━━━━━ WORKING DATA ━━━━━
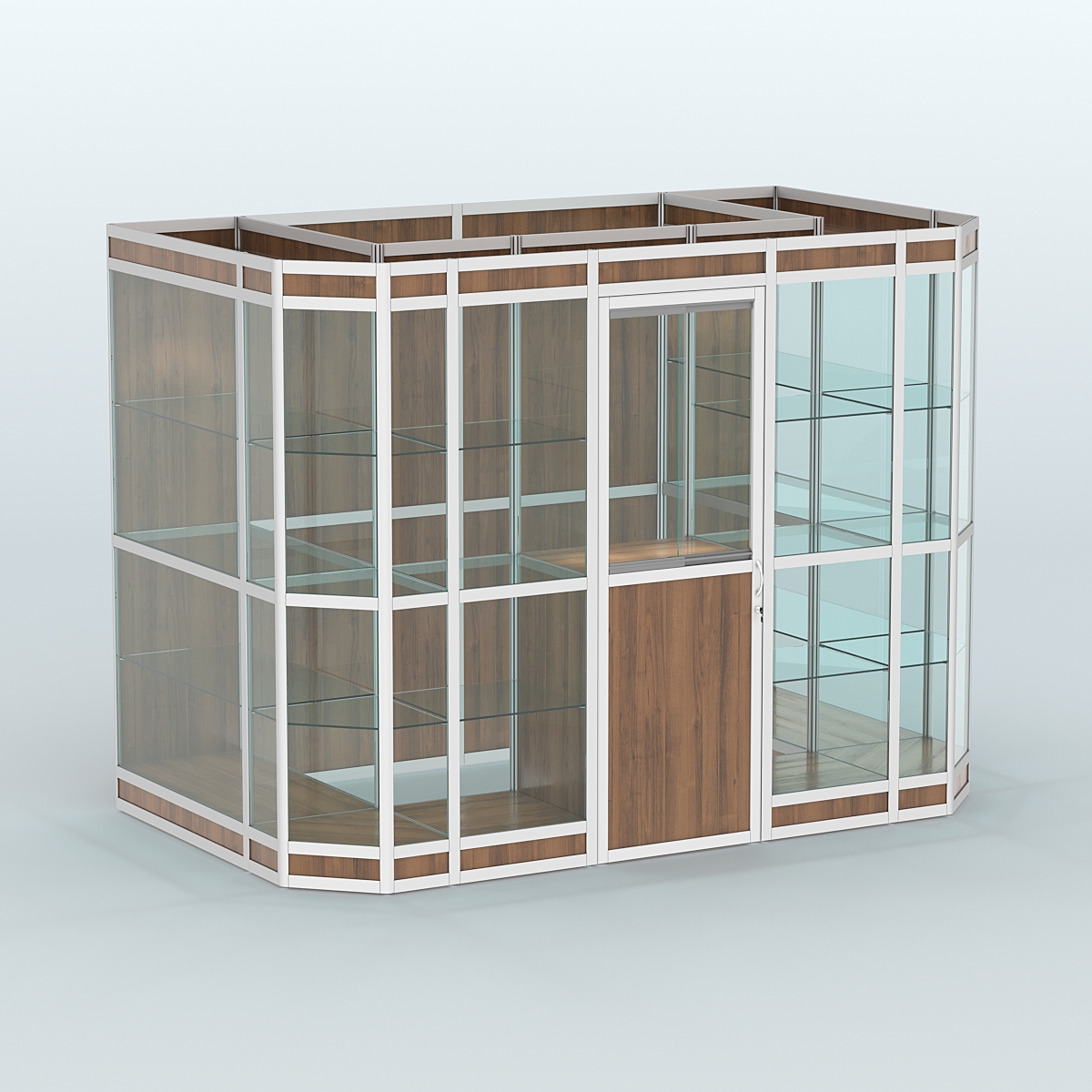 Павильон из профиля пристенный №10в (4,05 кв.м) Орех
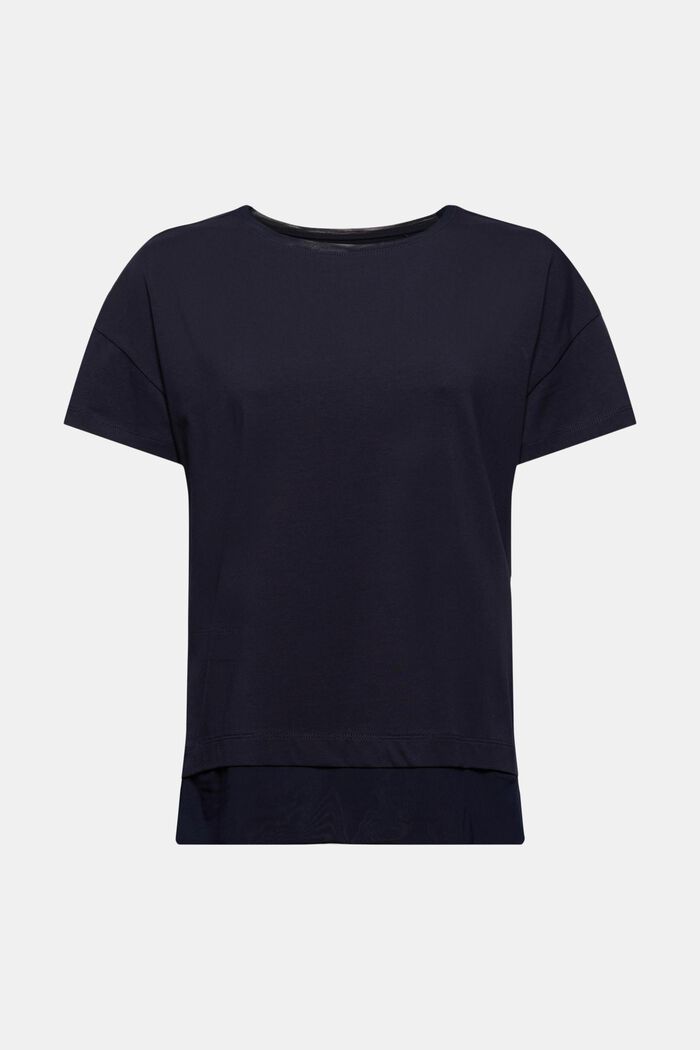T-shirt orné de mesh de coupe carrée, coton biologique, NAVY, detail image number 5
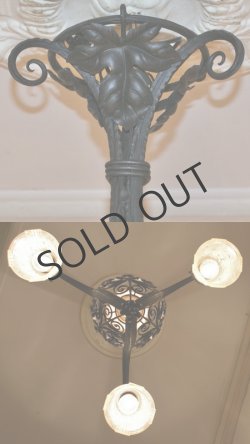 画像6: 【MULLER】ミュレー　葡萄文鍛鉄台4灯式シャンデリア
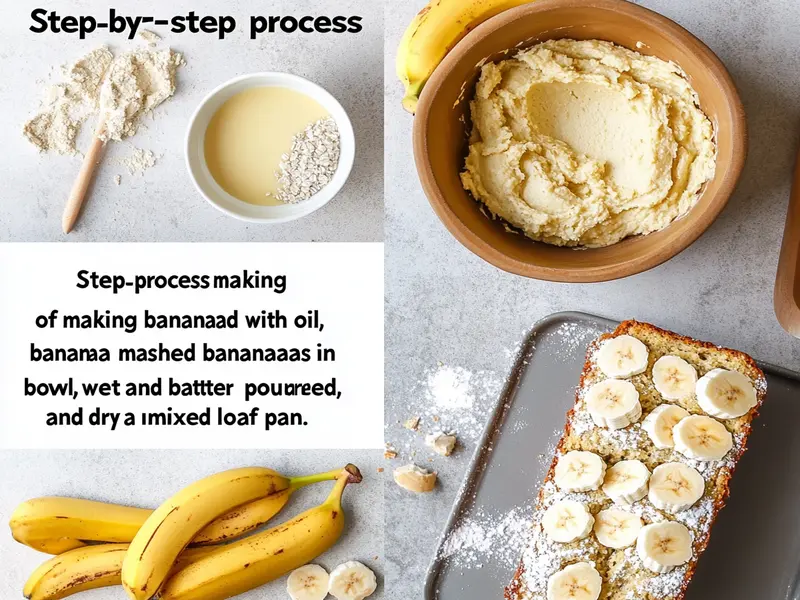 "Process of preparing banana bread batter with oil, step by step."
━━━━━
━━━━━ WORKING DATA ━━━━━
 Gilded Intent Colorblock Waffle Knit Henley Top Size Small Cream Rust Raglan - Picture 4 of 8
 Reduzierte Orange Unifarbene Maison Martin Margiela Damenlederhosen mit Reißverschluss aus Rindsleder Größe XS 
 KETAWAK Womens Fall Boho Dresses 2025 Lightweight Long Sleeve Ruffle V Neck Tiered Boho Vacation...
━━━━━
TASK ITEM:
Out of the records above, set down only the lines from the one that contains "Павильон из профиля" through the one that contains "of preparing banana", unchanged and without the pictures.

OUTPUT OF THE TASK:
 Павильон из профиля пристенный №10в (4,05 кв.м) Орех
T-shirt orné de mesh de coupe carrée, coton biologique, NAVY, detail image number 5
 画像6: 【MULLER】ミュレー　葡萄文鍛鉄台4灯式シャンデリア
 "Process of preparing banana bread batter with oil, step by step."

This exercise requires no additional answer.